Am 1. August findet die Präsentation des Musicals in Form eines szenischen Konzerts
erstmals in Hamburg statt. Warum sollte man sich „Lady by Night“ auf keinen Fall
entgehen lassen?

Bei "Lady by Night" werden aktuelle Themen behandelt, die auf humorvolle Weise verpackt sind. Außerdem sind die Charaktere alle nicht perfekt und haben alle ihre eigenen Sorgen und Probleme, weshalb bestimmt jeder Zuschauer eine Figur finden wird, in die er sich besonders gut hineinversetzen kann. Spannend ist die Entwicklung der
einzelnen Charaktere, da sie sich alle mit der Zeit verändern und um Ihre Ziele kämpfen.
Auf diese Weise wird "Lady by Night" eine Komödie mit viel Herz.

Auch privat schreibst du Songtexte und trittst bei Poetry Slams auf.
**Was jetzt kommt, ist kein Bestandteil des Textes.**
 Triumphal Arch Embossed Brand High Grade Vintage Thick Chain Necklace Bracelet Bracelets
Was bedeutet dir
die Arbeit mit Worten und gibt es einen Bereich, für den du in Zukunft besonders
gerne einmal als Lyricistin arbeiten würdest?
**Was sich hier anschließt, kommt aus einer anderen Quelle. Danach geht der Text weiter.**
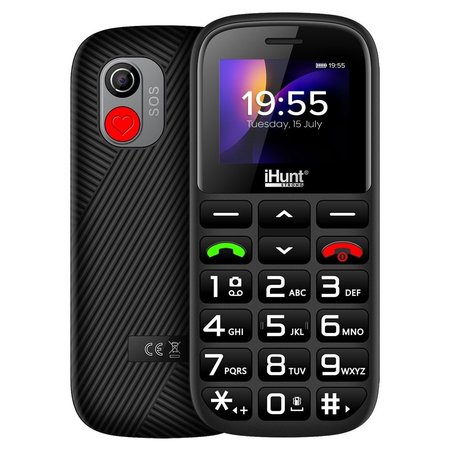 Telefon mobil iHunt Senior Comfort, Display 1.77", Dual SIM, GSM, Bluetooth, Camera, Meniu Limba Romana, Taste Mari, Lanterna, Radio FM fara cablu, Baterie 1000mAh, Buton SOS, Sunet Puternic, Negru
Bei meiner privaten Arbeit geht es mir besonders darum, meine Gefühle auszudrücken. Die Grundlage hierfür ist natürlich, dass man ehrlich zu sich selbst ist und sich seine Gefühle selber eingesteht. Durch das Schreiben schaffe ich es, mich zu öffnen und einfach einmal loszulassen.
Einen besonderen Bereich, in dem ich gerne arbeiten möchte, gibt es tatsächlich gar nicht. Wichtig ist für mich einfach, dass ich eine Verbindung zu dem Projekt spüre.

Was bedeutet der Begriff „Glück“ für dich ganz persönlich?

Glück bedeutet für mich, Menschen an meiner Seite zu haben, die mit mir das Leben
genießen und mir helfen, auch die schwierigen Zeiten im Leben zu meistern.

Schnellfragerunde:

- Lieblingsmusical? - Mich begeistern besonders Musicals, die einen zum Nachdenken anregen und zu dem Genre ‚Drama‘ gehören, wie zum Beispiel "Rent" oder "Miss Saigon".

- Lieblingsbuch? - Ich bin ein großer Fan von der Schriftstellerin Kerstin Gier.

- Was versüßt dir den Start in den Tag? - Auf alle Fälle kein Kaffee! Unter Koffeineinfluss neige ich nämlich dazu, noch mehr zu reden als sonst!

- Lieblingsort in deiner Heimatstadt Hamburg? - Der Spielbudenplatz auf dem Kiez

- Das Schönste am Sommer? - Bis spät in den Abend mit Freunden draußen zusammenzusitzen


Herzlichen Dank für deine wunderbaren Antworten, liebe Anja! Danke, dass du dir die Zeit genommen hast, uns einige Einblicke in dein farbenfrohes Künstlertum zu geben, und uns an deiner Liebe zur Sprache teilhaben zu lassen. Alles Gute für deinen weiteren Weg und ganz viel Freude mit "Lady by Night" und der Entstehungsreise dieses tollen Projektes!